How jewellery got personal
Special powers have always been attributed to gems. Early humans believed that the strange bright stones they found in mountains and on river beds, created by mysterious underground forces, were godlike. Countless legends spanning cultures – from Ancient Greek to Aboriginal – share the notion that jewels are of divine or superhuman origin. Amethyst was said to have been created from the tears of the Greek god Dionysus, and onyx from the fingernails of Venus, while for the Aboriginals of southern Australia opals were created when their ancestral God came to Earth in a rainbow.
Throughout history, the talismanic quality of gems has been significant. Moonstone was believed to be a way of communicating with the gods; jade was (and still is) used to attract good fortune; rubies were said to help in warfare; emeralds to protect travellers, and diamonds were supposed to have powers over love and health – but could also be used as a poison.

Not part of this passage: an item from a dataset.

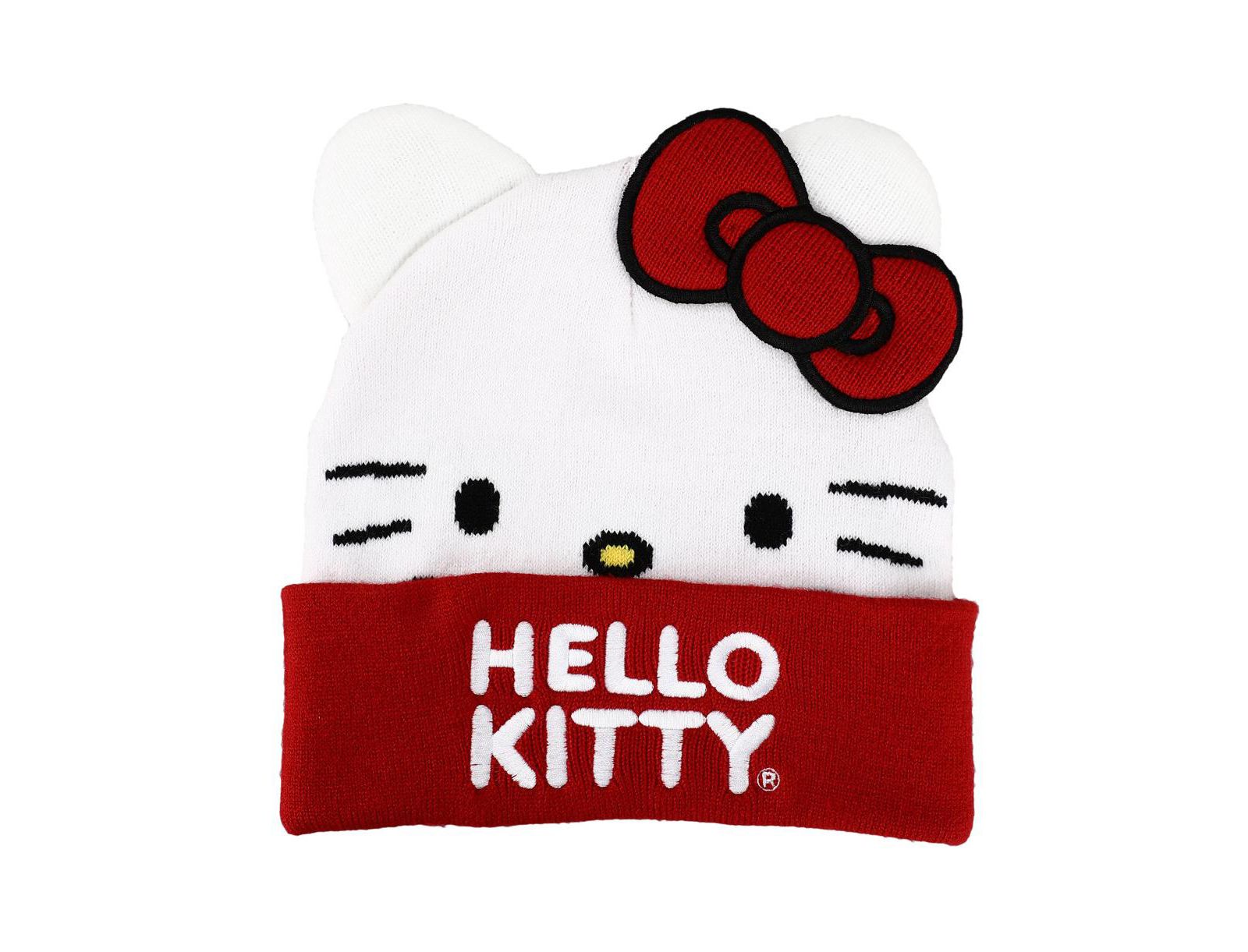 Hello Kitty Men's Sanrio Face Bow Embroidered Beanie Hat for Adults
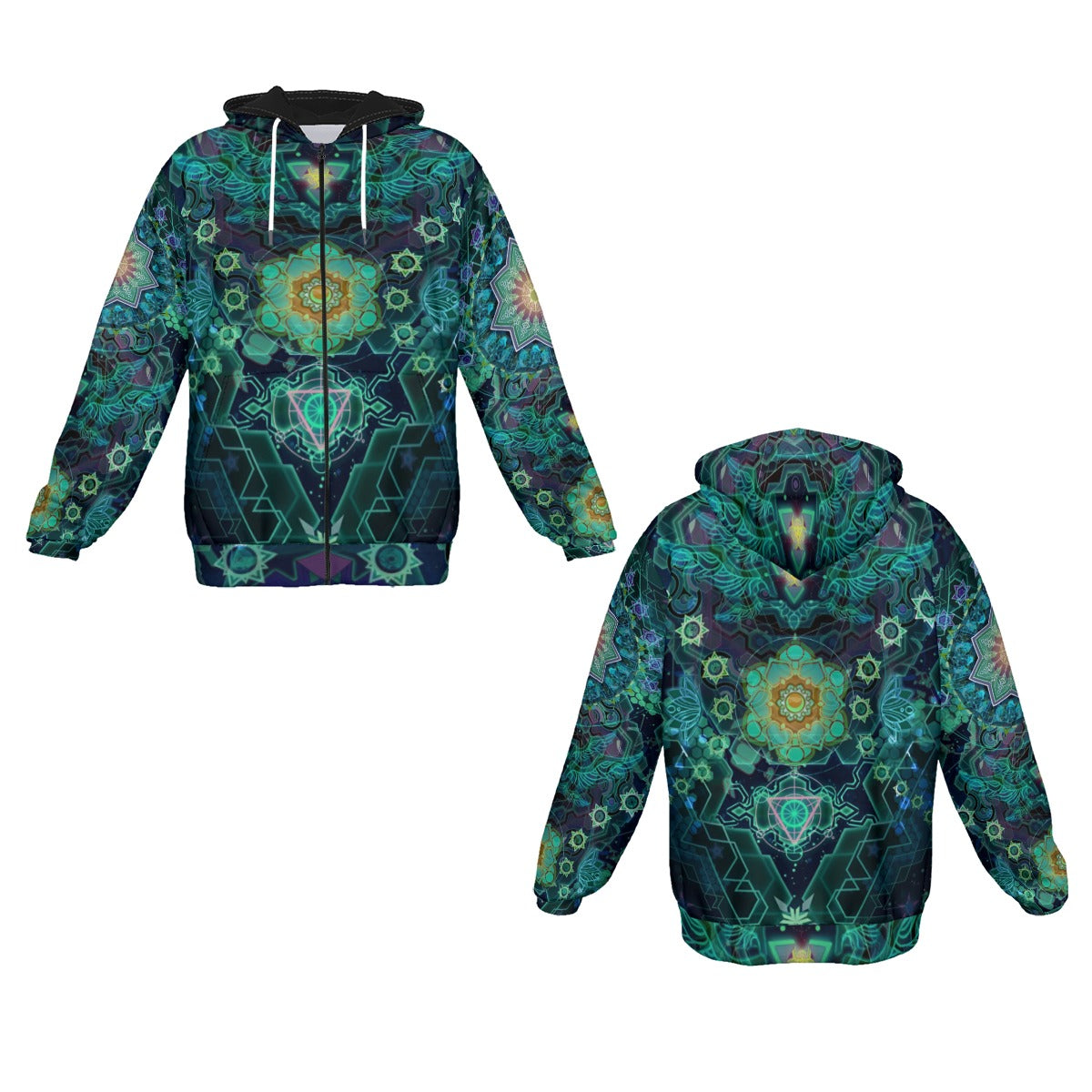 Yantric Geometry Zip Hoodie, Sacred Mandala Energy Zip Hoodie, Mystic Geometric Light Zip Hoodie, Vibrant Spiritual Pattern Zip Hoodie, Celestial Yantra Zip Hoodie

Pearls were a symbol of power for kings, queens, Maharajas and Chinese Emperors.
The emotional hold that gems have over us is reflected in a current interest in jewellery that is unique and characterful. “In our end of the industry, big sparkly diamonds are not the thing at all,” says Harriet Scott of The Goldsmiths’ Company, an organisation that has supported silversmiths and jewellers for seven centuries, and whose annual Goldsmiths’ Fair takes place this month. “People are looking for something more individual and also affordable.” …
“In a world where sustainability is now the buzzword, jewellery is the ultimate in recycling,” says Eyre. “It’s an interesting conjecture that particles of the gold in modern pieces may have been worn by the Ancient Egyptians.”